- **What is required**:
Nothing below is to be printed except the lines between the line holding "Russian SS27 Topol" and the line holding "Rexhepi confirms that", inclusive, each exactly as it appears.

- **Records supplied**:
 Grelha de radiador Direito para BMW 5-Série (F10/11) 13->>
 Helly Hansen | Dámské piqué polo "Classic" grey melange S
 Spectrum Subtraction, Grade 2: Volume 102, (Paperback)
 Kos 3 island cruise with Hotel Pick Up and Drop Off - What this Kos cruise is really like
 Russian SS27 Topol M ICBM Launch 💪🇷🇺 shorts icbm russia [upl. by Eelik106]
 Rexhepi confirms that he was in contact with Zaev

--

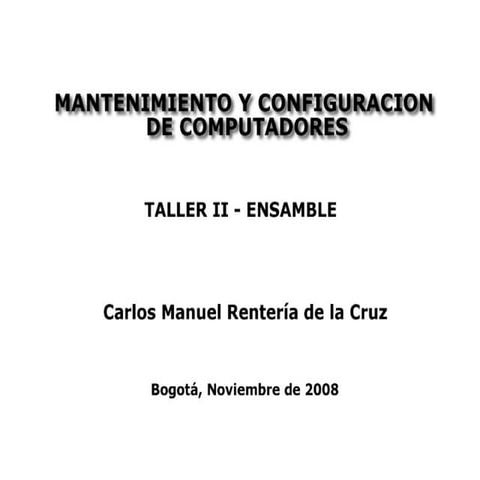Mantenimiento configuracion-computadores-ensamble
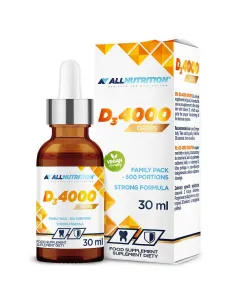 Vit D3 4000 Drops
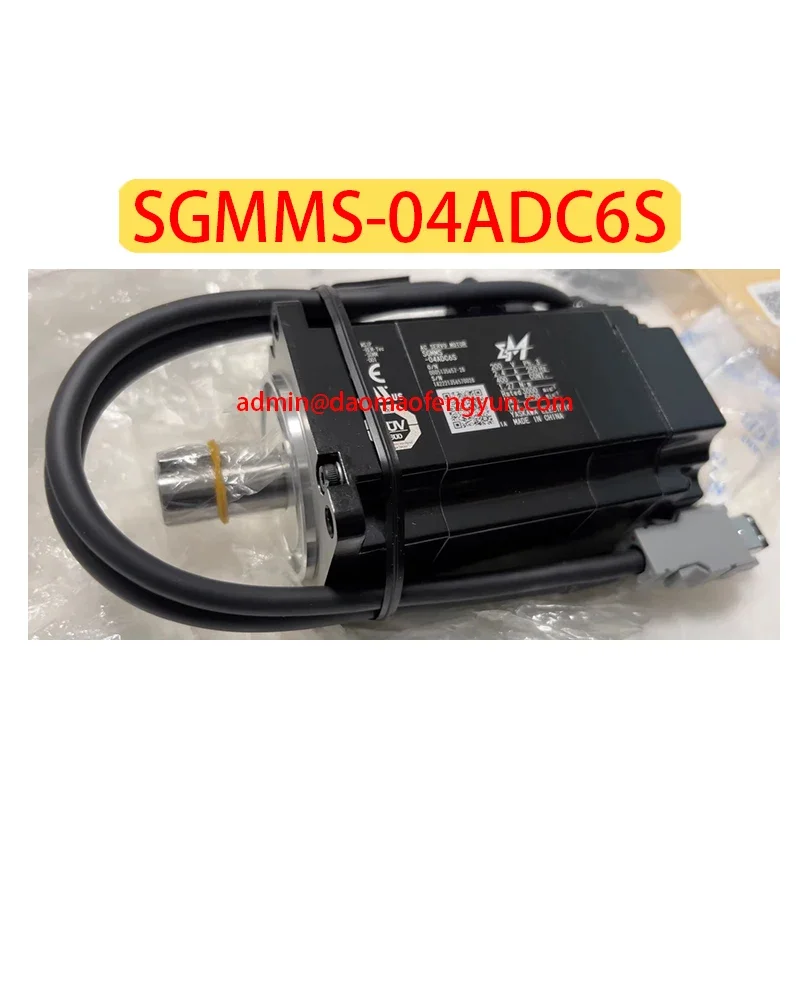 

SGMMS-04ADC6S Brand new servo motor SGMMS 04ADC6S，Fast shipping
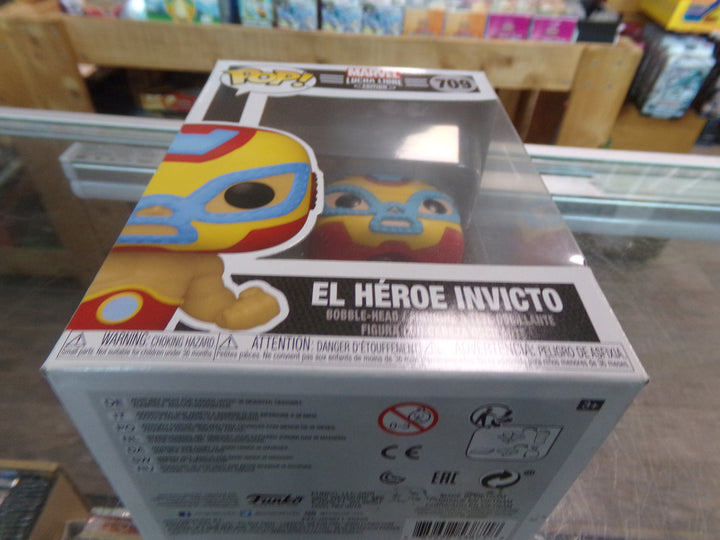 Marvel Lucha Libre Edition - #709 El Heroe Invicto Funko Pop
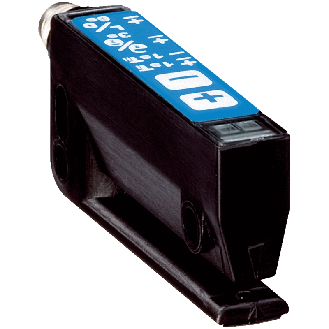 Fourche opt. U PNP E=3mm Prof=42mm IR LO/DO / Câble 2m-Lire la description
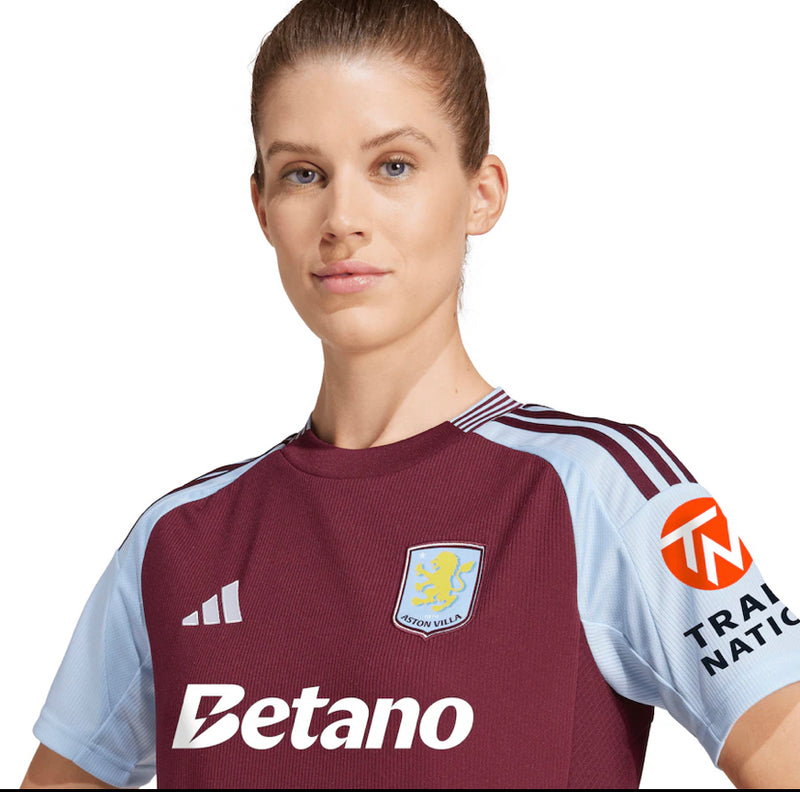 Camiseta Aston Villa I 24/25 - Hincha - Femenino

* * *

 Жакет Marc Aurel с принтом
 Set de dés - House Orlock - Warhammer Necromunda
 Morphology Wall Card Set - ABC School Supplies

- **Exercise result**:
 Russian SS27 Topol M ICBM Launch 💪🇷🇺 shorts icbm russia [upl. by Eelik106]
 Rexhepi confirms that he was in contact with Zaev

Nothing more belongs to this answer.